FDA published guidance to comply with the requirements of the enhanced drug distribution security, under Section 582(g)(1) of the Federal Food, Drug, and Cosmetic Act (FD&C Act) which will go into effect on 27 November 2023. All trading partners (referring to manufacturers, wholesale distributors, dispensers, and repackagers) are required to implement secure, interoperable, and electronic-based approaches for transaction information exchanges including package-level product identifiers included in the transaction. Besides, trading partners are also required to establish a system and processes:
To verify products at the package level
To promptly respond with the transaction information and statement for the product upon request by the authority
To facilitate the information gathering needed for the transaction process for the product going back to the manufacturer (as per event of authority request, recalls, or suspected illegal investigations)
To accept saleable returns under appropriate conditions
Previously in November 2017, manufacturers were required to apply the electronic-based approaches for transaction history, transaction statements, and transaction information to subsequent purchasing trading partners, except when the subsequent purchaser is a state-licensed health care practitioner or licensed individual who dispenses products under the supervision of a licensed practitioners.
However, the wholesale distributors, dispensers, and repackagers may choose to use paper-based or electronic-based methods until 27 November 2023 to provide transaction information, transaction history, and transaction statements to the subsequent purchasing trading partners, as long as comply with section 582(c)(1), (d)(1), and (e)(1) of FD&C Act.

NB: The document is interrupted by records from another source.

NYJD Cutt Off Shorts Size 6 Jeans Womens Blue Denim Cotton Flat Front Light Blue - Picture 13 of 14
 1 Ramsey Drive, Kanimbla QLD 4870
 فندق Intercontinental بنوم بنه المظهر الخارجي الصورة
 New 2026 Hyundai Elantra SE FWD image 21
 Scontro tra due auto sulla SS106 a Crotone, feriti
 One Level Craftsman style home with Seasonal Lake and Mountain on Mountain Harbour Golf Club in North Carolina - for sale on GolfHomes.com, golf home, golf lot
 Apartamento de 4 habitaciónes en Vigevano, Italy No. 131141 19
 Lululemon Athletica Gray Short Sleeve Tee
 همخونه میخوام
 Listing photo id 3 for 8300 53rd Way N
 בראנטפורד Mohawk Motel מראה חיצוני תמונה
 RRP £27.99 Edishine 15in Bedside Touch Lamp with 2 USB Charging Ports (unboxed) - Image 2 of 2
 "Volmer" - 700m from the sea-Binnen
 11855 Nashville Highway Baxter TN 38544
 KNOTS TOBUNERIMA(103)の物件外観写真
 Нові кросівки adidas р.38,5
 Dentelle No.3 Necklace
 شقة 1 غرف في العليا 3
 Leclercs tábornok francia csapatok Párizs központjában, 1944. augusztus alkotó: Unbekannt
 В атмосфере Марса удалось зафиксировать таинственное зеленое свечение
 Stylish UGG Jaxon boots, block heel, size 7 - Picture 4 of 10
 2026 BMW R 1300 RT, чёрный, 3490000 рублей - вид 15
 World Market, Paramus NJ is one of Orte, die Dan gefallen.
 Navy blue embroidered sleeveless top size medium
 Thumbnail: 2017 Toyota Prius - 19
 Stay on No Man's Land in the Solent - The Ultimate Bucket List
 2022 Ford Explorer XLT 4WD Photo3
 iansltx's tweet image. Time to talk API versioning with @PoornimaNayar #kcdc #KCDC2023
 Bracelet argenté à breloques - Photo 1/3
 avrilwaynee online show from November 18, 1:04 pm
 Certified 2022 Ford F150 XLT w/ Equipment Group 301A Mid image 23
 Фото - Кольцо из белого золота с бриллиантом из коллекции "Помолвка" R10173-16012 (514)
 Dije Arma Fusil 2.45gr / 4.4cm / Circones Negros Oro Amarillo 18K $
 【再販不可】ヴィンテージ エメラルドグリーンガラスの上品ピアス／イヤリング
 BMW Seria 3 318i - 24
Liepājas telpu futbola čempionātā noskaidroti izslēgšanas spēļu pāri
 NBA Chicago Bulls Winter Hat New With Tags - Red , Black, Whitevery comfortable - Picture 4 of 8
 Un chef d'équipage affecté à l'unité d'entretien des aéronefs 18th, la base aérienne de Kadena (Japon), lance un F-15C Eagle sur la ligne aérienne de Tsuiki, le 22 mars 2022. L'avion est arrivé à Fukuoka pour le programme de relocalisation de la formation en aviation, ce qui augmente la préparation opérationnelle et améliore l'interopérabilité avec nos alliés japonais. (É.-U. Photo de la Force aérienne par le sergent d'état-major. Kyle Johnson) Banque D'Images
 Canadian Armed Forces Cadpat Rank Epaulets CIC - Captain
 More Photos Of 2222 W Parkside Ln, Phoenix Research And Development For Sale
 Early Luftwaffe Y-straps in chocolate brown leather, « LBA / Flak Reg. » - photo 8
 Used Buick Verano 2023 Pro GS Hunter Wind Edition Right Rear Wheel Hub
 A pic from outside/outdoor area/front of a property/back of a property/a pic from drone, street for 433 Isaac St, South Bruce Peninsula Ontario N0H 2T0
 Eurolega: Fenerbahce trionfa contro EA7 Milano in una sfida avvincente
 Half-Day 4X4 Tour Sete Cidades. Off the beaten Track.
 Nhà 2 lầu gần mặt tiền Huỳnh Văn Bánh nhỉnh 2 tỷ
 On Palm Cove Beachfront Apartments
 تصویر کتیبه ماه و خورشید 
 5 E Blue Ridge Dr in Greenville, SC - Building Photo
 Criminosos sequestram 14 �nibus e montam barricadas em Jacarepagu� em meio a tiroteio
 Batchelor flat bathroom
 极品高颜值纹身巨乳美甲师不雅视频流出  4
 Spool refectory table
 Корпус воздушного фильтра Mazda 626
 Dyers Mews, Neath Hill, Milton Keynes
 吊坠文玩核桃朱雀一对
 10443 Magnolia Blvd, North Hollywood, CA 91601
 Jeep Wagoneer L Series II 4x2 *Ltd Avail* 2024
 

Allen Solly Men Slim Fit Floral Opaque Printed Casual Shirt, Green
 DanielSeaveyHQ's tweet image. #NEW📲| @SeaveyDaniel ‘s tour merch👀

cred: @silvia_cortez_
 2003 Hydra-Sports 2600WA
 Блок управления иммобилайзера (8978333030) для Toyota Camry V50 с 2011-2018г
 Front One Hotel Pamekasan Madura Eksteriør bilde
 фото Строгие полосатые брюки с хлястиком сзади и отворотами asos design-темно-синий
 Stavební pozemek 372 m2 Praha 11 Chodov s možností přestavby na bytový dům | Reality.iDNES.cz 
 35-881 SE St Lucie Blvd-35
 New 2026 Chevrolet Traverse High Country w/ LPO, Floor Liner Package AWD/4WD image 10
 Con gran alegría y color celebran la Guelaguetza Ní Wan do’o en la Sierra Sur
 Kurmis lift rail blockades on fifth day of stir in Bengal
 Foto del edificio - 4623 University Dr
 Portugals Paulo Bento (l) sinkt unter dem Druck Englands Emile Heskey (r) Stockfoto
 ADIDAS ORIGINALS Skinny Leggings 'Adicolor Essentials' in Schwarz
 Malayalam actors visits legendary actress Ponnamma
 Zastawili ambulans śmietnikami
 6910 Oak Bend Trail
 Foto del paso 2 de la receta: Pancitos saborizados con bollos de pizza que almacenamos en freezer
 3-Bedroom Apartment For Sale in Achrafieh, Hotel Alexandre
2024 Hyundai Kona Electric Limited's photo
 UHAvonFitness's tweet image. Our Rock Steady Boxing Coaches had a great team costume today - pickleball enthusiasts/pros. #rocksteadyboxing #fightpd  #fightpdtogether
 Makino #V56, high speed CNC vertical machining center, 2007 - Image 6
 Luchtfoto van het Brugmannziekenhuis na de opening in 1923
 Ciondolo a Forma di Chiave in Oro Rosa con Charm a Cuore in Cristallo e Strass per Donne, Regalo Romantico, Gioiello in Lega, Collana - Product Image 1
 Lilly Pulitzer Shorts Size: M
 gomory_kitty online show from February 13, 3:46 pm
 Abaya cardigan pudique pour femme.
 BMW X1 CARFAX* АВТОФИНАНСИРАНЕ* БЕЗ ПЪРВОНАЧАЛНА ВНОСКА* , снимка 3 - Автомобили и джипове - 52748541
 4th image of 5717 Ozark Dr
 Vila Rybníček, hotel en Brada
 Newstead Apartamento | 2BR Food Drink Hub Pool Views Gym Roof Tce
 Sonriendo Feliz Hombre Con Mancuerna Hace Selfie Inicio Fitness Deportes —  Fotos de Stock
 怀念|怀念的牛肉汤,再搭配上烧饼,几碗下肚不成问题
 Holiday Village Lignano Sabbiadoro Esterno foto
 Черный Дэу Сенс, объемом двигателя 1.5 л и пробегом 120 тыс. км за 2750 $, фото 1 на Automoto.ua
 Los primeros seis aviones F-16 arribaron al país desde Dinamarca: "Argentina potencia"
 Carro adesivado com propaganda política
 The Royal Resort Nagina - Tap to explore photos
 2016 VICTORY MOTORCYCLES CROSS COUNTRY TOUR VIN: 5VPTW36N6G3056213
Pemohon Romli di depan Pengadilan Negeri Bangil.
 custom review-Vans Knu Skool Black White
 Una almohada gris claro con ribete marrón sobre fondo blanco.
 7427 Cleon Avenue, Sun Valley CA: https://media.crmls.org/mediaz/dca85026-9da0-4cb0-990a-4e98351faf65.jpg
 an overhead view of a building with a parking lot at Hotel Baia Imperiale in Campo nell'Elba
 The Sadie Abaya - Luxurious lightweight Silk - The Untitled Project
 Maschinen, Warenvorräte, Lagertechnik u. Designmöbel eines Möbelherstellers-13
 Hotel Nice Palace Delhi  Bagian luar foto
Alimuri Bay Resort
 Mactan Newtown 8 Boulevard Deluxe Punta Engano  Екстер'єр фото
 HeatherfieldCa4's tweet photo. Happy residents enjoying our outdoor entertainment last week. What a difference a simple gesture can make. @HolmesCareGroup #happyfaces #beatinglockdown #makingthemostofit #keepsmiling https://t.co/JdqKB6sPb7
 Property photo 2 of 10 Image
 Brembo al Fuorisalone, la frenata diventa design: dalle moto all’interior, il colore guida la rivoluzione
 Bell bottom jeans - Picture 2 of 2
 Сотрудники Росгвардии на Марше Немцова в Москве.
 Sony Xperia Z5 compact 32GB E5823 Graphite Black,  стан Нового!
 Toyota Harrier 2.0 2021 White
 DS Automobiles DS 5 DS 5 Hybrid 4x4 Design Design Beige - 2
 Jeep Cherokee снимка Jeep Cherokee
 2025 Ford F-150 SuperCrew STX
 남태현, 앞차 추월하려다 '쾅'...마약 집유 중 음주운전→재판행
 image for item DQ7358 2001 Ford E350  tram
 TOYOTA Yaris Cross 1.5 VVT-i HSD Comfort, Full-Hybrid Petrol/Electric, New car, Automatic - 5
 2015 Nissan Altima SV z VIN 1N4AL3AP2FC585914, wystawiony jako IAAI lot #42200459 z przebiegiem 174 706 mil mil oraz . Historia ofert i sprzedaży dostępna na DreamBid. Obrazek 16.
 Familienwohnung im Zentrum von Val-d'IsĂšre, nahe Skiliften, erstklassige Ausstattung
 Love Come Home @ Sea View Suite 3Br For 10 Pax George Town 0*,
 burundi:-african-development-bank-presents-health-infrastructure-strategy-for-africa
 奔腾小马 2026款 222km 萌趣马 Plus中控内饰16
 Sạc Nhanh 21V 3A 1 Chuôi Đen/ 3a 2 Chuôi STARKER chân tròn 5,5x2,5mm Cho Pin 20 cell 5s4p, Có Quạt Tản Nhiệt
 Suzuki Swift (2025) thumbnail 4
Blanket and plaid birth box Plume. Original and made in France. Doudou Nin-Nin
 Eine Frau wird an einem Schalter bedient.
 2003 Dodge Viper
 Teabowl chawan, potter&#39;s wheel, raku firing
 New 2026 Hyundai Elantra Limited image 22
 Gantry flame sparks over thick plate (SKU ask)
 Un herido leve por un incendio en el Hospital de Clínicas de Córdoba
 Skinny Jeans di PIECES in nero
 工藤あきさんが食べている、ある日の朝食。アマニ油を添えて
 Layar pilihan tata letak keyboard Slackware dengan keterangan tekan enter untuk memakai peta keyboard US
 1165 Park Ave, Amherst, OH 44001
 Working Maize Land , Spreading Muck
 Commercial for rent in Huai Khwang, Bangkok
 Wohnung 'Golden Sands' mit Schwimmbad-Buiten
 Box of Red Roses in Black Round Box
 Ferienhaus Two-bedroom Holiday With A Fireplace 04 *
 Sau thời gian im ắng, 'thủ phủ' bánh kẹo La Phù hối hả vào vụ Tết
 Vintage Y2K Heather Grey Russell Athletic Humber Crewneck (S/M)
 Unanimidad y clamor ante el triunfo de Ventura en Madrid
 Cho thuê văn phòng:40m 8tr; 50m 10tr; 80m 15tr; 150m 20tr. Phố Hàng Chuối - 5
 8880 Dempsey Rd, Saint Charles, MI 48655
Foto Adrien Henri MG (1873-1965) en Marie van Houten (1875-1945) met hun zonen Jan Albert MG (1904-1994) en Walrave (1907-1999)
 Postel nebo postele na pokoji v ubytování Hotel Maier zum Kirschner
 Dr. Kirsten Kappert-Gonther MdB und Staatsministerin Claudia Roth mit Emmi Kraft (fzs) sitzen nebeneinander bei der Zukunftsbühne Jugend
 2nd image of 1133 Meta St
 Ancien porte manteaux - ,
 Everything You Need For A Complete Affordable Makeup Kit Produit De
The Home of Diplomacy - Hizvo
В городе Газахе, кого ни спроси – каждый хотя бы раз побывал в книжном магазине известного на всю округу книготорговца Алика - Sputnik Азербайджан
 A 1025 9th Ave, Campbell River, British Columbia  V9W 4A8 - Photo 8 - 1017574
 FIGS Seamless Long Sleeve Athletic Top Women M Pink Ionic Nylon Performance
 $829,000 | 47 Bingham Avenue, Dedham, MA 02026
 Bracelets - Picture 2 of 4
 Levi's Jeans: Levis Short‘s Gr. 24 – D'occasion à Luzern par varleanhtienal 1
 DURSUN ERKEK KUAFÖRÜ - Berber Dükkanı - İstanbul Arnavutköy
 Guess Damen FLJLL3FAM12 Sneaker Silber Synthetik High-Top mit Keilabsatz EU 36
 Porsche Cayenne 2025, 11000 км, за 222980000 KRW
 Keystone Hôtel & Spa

As much as the FDA expects trading partners to be fully prepared on the system and processes by 27 November 2023, the FDA also expects possible technical issues, operational issues, or alignment issues among the trading partners to happen. The guidance published is to provide clarity and flexibility for trading partners to ensure continuous drug access for the patient while transitioning into the interoperable and electronic product tracing at the package level under the DSCSA.
Hence, all the requirements regulated under Section 582 of the FD&C Act will be fully enforced on 28 November 2024. By that time, all the systems and processes should be fully implemented by the trading partners without any major issues and the FDA will take action for any activity that does not comply with the requirements.